Finally they call to board and everyone waiting for Oaxaca (and a few other flights) shuffle downstairs into another waiting room. We’re systematically divided based on destination, the Oaxaca bound travelers asked to sit off to the side while those headed for other cities are herded down a mysterious hallway. Soon enough it is our turn and everyone heads outside and are loaded onto a bus... Wait... A bus? Seriously? I cannot help but think that I’ve just been bamboozled into waiting five or more hours in the Mexico City airport to catch a bus to Oaxaca. I check my itinierary and it definitely says flight. Granted I’ve gone through several stages of confusion since arriving in Mexico City, and everyone seems fine with what’s happening, so I climb aboard and grab a seat. Turns out, the bus was simply driving us around to another part of the airport where we boarded the tiny little plane headed for Oaxaca. I love these little planes. They don’t handle turbulence well, but they fly low enough that you get to see land the entire flight. It was night, so I couldn’t make out much except for an occasional smattering of lights, but I stared out the window nonetheless and tried to guess what I was flying over. I had a window seat and an aisle seat, another benefit of tiny planes.

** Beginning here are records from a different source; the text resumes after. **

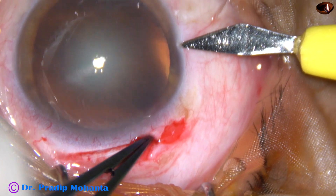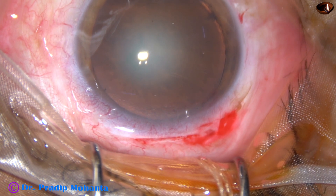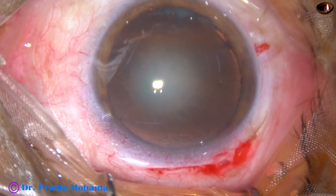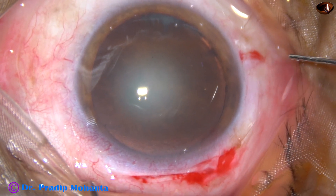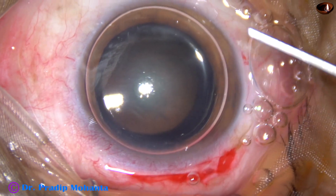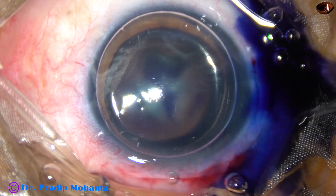This is the side port at around 8:45 o'clock. Beginners can take help of trypan blue dye for doing capsulorhexis, but we should not be dependent on trypan blue dye and should be able to do it without dye in most cases.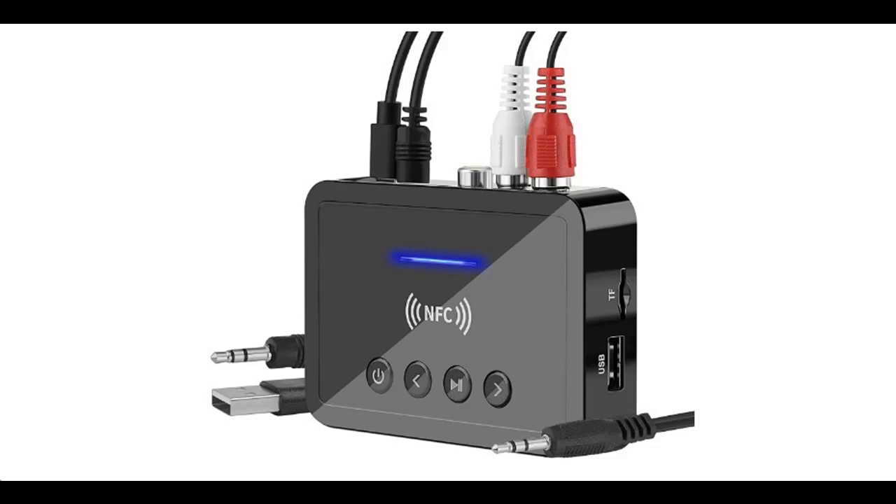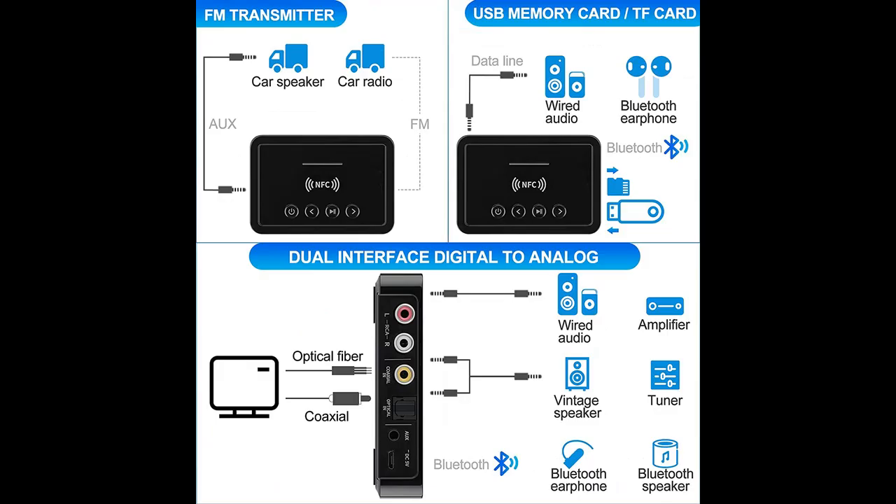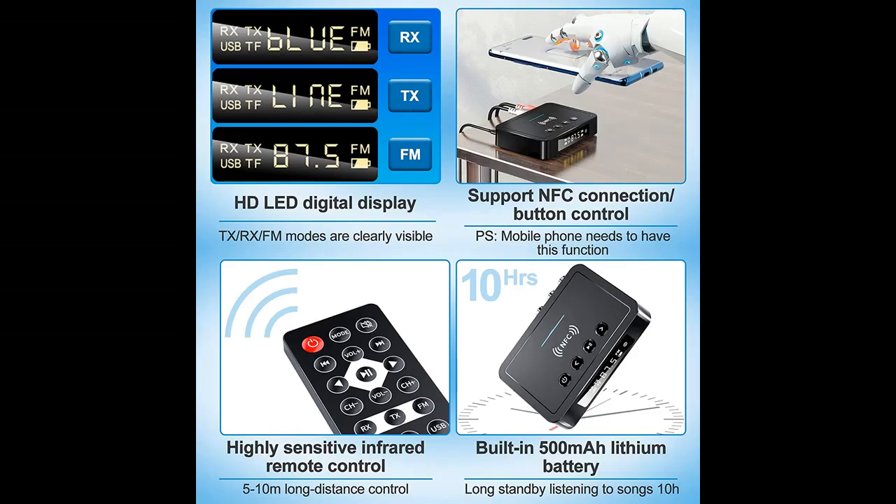Introducing a short picture overview of the Tahu LU Bluetooth 5.0 Transmitter Receiver, a 3-in-1 Bluetooth Adapter with 3.5mm Auxiliary, RCA, and USB connectivity for wireless Hi-Fi Stereo Audio Music. Compatible with PC, Tablet, Speaker, Home, and Car Sound Systems.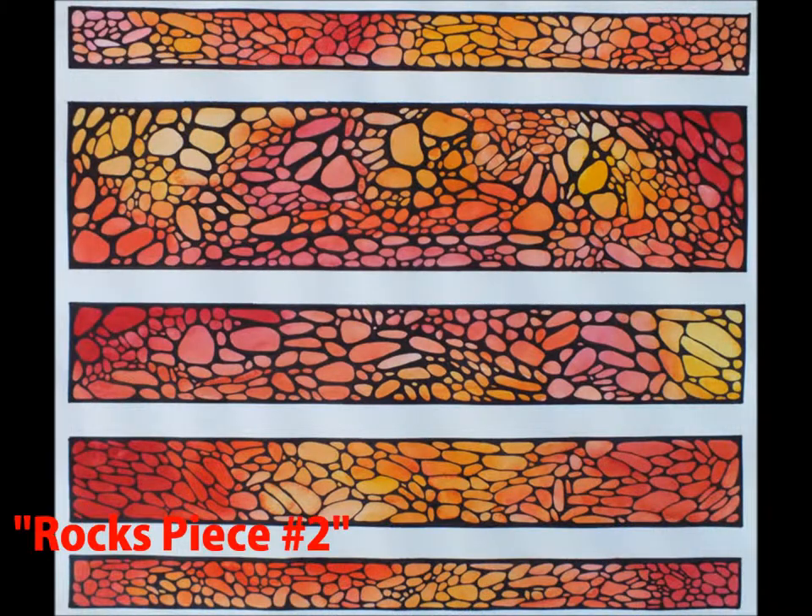In this piece, Rocks Piece number two, I used watercolor and black sharpie. In order to make the flawless white lines, I had to think ahead and put masking tape across the paper before I started painting. In addition to painting, I then used sharpie to draw my rock-like pattern onto the watercolor.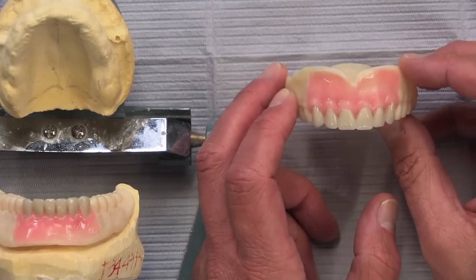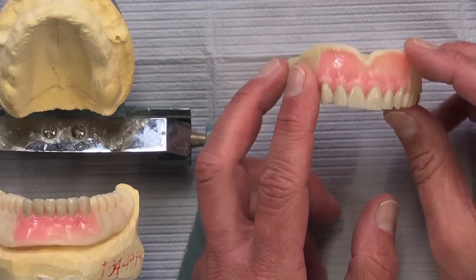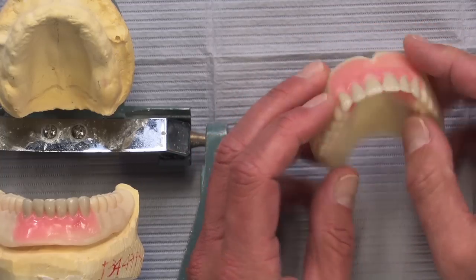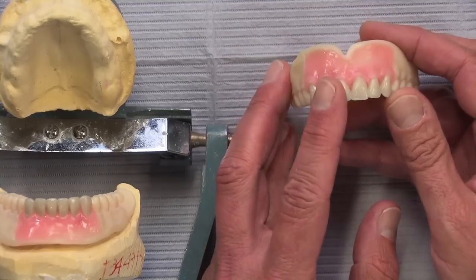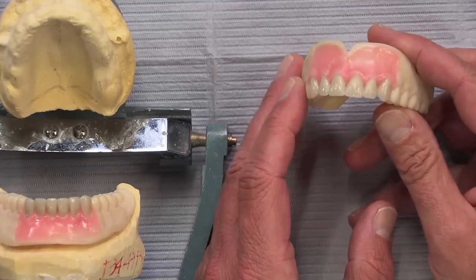After the very first appointment you'll be able to see the fit right away. Before, with the wax rims, they would flutter all over and sometimes we'd have to put denture adhesive in, which was a mess. On our old bite rims we would just put the two central incisors there, but with CAD-CAM we have the opportunity to do a little bit more.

Upon landing I was greeted by a huge banner for the film festival strung across the front of the airport. These immediately brought my spirits up as I followed the crowd under the banner and inside the tiny airport. I waited for my bag (As previously mentioned, I didn’t check luggage, but the tiny plane had no overhead compartments, so my little rolley guy got stowed under the plane for our flight to Oaxaca) and after a quick assessment of clothing and body language figured out that the four French travelers beside me were also here for the festival. It’s usually easy to spot a filmmaker if you know what to look for. Scarves can be a dead giveaway, so can turtlenecks. In this case I saw a scarf, two turtle necks and a beautiful blonde woman. I guessed director, two producers and an actress. I was 75% correct. The same could be said for my attire, wearing a hoodie under my corduroy jacket (the "filmmaker uniform" is what my friend Jeremy calls it). Plus, in an airport full of people with little iPod earbuds I was the only one with huge black headphones wrapped around my neck. I was either a filmmaker or a DJ.

Paulette and Enrrico (Hospitality and Film Traffic, respectively) were at the airport waiting to receive us. They each had specific job titles, but it was clear that the small army of organizers at this festival wore many hats. Already I was much more impressed with the organization of this festival than the one in Spain. We all jumped into a van, the three representatives of the festival crammed in the front three of the French filmmakers crammed in the back (producer, actress and SOUND DESIGNER to be precise). The director of the French film, Eric Atlan, beside me. Ahead there was a flurry of Español mixed with short bursts of laughter. The same was going on behind me, but in Fraçais. Obviously, I didn’t understand a single word, or any of the jokes, but instinctually smiled whenever one group burst into laughter. Despite a small language barrier, I spoke to Eric a little. His film was called Mortem (http://www.ericatlan.org/#/mortem) but, much like the guards at the airport, or conversation was a mixture of fragment sentences and charades, plus we were both exhausted from a long day of travel. For most of the drive we sat in peaceful silence.

We dropped off the group at their hotel, and I chatted with Enrrico on the way to my hotel (which was nearby). He was an aspiring filmmaker himself, but the conversation didn’t get too far before we reached my hotel. I got directions to a library where I had scheduled an interview for the next day, bid my hosts goodnight and settled in. I was sure to set my alarm for extra early just in case I got lost tomorrow morning on the way to my interview.

As I would soon learn walking through the streets of Oaxaca, I should have set it for much, much earlier.

Thursday, November 11, 2010

THE SPANISH PAGES (Part 4)


PART 4 - SUNDAY: “Game Day”
 
The morning was upon us, Donan and I met up for breakfast and could talk about little else than how nervous we were about today’s screening. Luckily we had befriended many filmmakers, had seen a lot of films, and were always sure to let the filmmakers which project we were here with. Cecilia soon joined us, which was a welcomed distraction from the butterflies in our stomachs. We had attempted, after returning to the hotel last night, to located our elusive 3rd and 4th posters on the wall somewhere, but to no avail. But we had been assured that all the posters were at the hotel, and up on the walls, but we doubted it.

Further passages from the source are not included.